# DATA FOR THE TASK
____
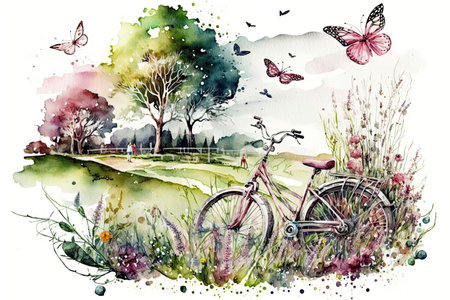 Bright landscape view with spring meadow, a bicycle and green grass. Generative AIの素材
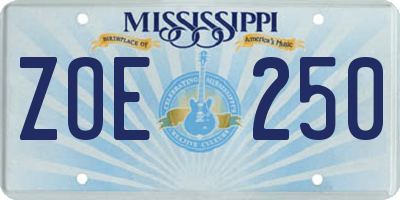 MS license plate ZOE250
____
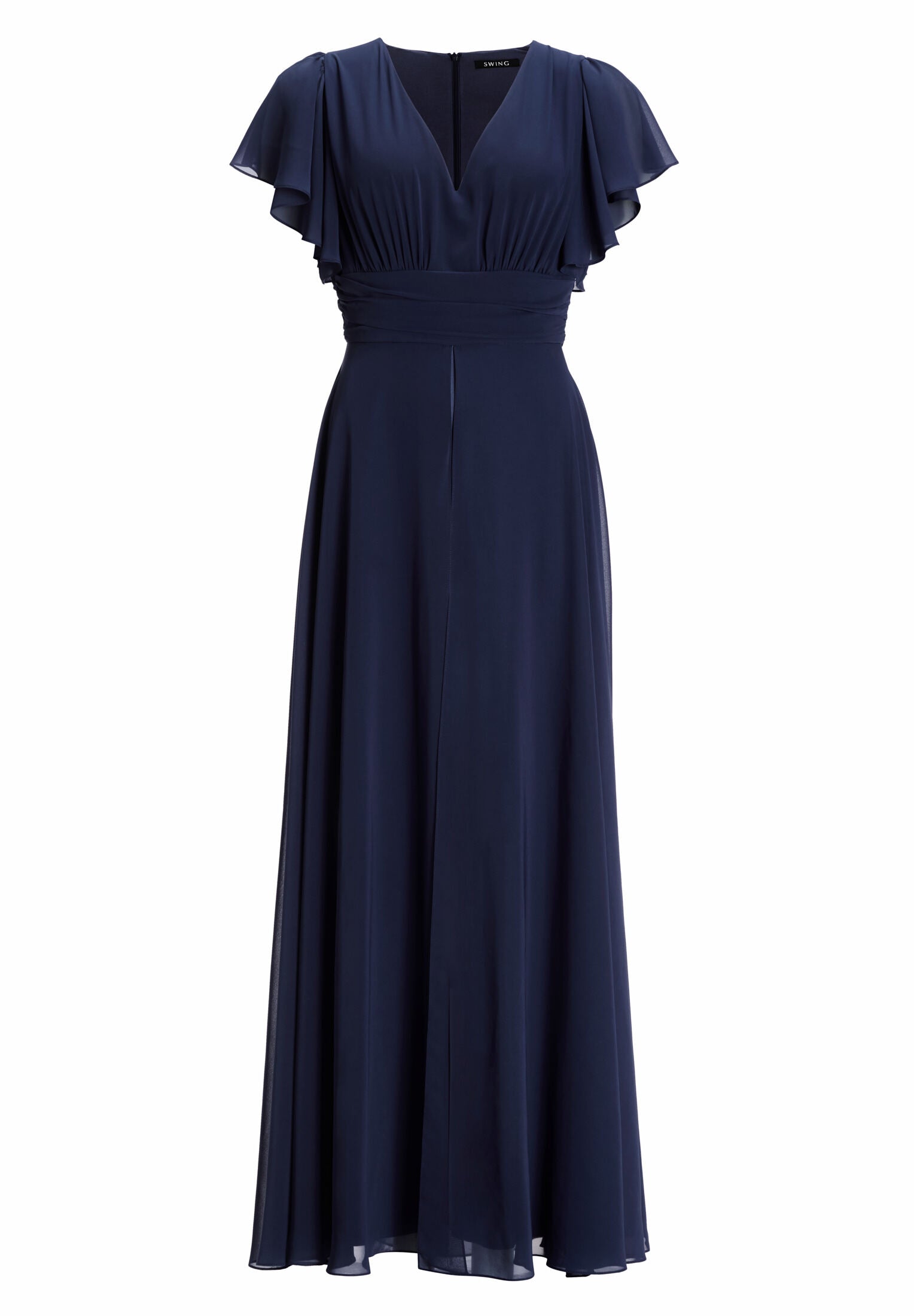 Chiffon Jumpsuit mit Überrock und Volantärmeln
____
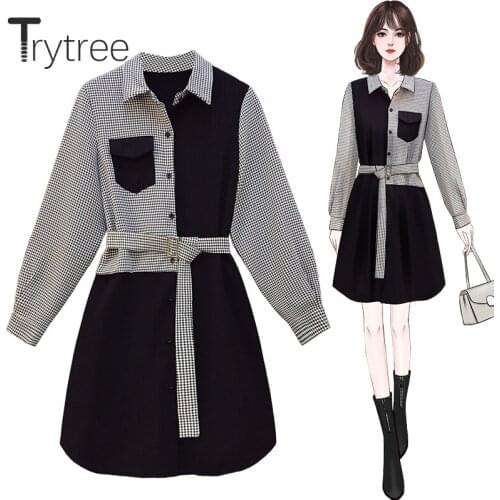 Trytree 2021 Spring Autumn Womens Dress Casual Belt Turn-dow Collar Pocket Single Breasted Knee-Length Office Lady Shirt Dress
____
# PROBLEM DESCRIPTION
Nothing but the lines from the one containing "Bright landscape view" through the one containing "MS license plate ZOE250" should appear, copied exactly from the material above and without pictures.

# COMPLETED TASK
 Bright landscape view with spring meadow, a bicycle and green grass. Generative AIの素材
 MS license plate ZOE250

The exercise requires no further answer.